In the book, Creating and Marketing Your Birth Related Business, the differences between these two important terms are identified. However, once your have declared your target market, it is then time to advertise your business.
Take websites for example...
Some business owners believe that if they have a website, everyone will flock to it. While that may be true, first the web visitor must know that the website is there! How do you let people you and your website exist? Simply put, it takes alot of hard work.
Meta tags are HTML elements. Meta tags may contain information about what the page is about (keywords and description), who wrote the page, when they wrote it and much more. Many search engines use this information when indexing pages.
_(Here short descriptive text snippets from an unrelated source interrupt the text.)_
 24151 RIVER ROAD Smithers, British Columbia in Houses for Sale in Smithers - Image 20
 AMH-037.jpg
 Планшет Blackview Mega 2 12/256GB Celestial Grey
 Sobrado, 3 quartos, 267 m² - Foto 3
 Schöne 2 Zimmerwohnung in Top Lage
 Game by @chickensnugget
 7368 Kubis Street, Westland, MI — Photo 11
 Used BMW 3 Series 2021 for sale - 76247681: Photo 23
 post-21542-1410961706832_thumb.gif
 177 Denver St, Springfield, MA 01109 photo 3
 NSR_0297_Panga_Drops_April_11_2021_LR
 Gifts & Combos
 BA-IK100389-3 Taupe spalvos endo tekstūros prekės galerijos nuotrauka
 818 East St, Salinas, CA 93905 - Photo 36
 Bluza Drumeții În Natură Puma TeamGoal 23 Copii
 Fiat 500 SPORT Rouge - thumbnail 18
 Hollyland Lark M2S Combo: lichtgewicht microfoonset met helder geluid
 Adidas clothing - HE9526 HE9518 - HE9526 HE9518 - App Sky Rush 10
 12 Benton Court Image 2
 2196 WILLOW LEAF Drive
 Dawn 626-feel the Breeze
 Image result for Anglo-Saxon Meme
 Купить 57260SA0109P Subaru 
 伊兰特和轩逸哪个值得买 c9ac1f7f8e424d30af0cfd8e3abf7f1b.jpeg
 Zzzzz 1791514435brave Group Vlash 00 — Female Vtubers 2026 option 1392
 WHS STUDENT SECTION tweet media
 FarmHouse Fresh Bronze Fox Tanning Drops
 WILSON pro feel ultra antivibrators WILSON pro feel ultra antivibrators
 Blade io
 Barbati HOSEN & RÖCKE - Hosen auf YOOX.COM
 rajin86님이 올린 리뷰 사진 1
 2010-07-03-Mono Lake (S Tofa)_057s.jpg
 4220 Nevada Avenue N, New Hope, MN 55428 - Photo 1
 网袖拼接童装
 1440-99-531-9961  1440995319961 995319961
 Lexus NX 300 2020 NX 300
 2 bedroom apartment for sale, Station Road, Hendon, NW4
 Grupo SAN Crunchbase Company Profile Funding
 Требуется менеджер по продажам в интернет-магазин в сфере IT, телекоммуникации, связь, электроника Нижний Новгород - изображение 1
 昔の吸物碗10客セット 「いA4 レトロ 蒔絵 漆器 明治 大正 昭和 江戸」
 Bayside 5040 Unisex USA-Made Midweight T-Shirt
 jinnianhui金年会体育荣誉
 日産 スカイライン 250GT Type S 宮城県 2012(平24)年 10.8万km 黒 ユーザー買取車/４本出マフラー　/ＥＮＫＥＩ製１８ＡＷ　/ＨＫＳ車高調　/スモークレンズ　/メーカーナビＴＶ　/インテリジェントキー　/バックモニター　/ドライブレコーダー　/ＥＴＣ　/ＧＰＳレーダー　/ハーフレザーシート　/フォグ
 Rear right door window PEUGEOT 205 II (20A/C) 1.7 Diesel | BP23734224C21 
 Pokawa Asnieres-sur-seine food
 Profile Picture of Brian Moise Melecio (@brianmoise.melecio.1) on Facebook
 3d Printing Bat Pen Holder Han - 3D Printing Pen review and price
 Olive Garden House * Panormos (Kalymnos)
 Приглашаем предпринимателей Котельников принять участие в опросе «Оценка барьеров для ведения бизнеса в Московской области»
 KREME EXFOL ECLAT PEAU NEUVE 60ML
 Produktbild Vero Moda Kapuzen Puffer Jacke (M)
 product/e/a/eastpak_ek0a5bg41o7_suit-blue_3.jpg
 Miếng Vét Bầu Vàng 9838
They are hidden from the view of the visitor but are located on the creative side of the web page.
Spiders are actually a program which gathers webpages to allow them to be indexed by search engines. They crawl through the internet by following links on a webpage.
Traffic Counters can tell you who is visiting, where they are from, and what pages they are looking at. Some counters rank the pages of your website by "most popular", showing you what topics your visitors are the most interested in!
Reciprocal links are similar to an agreement between two websites to provide links to each others sites. It can provide visitors with links to other sites of a similar topic. Search engines take the amount of incoming links into consideration when ranking your site.
Advertisers are companies that purchase advertising space on a website in the hopes of driving more business to their website. An affiliate (such as Google Adsense) is a marketing program which enables webmaster to place banner ads on the website and received a referal fee or commisson when customers click on the link to visit the merchants website. Why don't some websites (such as www.thebirthfacts.com) have advertisers or affiliates? First, websites such as this want the visitor to stay on the website and in these two cases, for educational purposes. The creator of both Birthsource and Birthfacts (me!) does not want the visitor to be distracted by other websites.
Most important, content!
Content may be, for the birth related business website, the most important item bringing visitors to the site. If the content is stagnant (is not frequently updated), is not relevant, or is just boring (lack of graphics, photos etc), then visitors may not visit or if they do, they may not return. Begun in 1999, www.birthsource.com now has over 1400 different articles and pieces of information for the visitor. Whether the visitor is an expectant parent or birth professional, there is something for everyone who visits there. The sister website, www.thebirthfacts.com, is an evidence-based website with links directly to research, searchable by topic. No opinions or commentary here, www.thebirthfacts.com is dedicated to the individual who wants just the facts for decision-making.